I understand they make good efforts to screen animals and potential owners. But despite their efforts, it is a total lack of social responsibility to hand over these animals. They should be banned from our communities, and they should be euthanized when surrendered.

I am not lacking in compassion for the pit bull. It has become the victim of miscreants who breed them for fighting, who own them to portray a manly man image, who mistreat them as a matter of course. These dogs are, without question, the victims of man’s ill intent. But to refuse to face up to the fact that we must take a hard stand on this issue is to contribute to an ever growing and notably dangerous problem.

Another thing that I find objectionable is that WAIF has now refused to accept surrendered pit bulls. What do they think will happen as a result? How many of those animals will be set loose to roam the streets and fend for themselves? Would it not be wiser to accept them and then euthanize them?

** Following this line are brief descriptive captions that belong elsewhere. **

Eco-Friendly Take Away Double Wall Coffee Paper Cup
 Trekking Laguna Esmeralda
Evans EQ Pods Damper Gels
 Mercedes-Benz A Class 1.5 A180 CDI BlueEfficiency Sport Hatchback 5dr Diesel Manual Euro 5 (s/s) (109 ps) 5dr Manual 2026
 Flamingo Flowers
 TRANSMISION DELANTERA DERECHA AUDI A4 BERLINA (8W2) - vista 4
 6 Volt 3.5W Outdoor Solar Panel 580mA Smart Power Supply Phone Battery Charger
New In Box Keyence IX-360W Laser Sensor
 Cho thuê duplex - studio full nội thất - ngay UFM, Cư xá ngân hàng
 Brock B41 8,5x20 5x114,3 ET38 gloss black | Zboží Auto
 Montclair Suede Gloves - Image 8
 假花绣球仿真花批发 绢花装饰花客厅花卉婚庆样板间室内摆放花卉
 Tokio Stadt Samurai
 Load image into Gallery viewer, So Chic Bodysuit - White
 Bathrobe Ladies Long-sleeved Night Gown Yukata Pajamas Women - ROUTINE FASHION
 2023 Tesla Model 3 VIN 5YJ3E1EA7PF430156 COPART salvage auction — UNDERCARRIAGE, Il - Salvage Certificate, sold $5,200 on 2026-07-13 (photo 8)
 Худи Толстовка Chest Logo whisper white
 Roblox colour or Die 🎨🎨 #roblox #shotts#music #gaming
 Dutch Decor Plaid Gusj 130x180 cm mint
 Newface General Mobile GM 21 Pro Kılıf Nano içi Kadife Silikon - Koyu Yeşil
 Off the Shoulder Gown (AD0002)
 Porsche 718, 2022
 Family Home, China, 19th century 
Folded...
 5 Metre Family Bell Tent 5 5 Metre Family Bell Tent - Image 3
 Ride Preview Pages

I understand that WAIF is a “minimal kill” facility. And, as a dog and cat owner and a strong supporter of the organization, I appreciate that. However, there comes a time when the citizens who did nothing to create this problem, but who have the power to take the very hard and not compassionate steps toward solving it, must step to the forefront and make those very difficult decisions.

Our city leaders are among those citizens with the power. Our caring and compassionate WAIF workers are among those citizens.

How many more adults, children, and pets must be mauled or killed before we wake up?

Are we deliberately asleep at the wheel?

Barbara Sheffield is an Oak Harbor resident.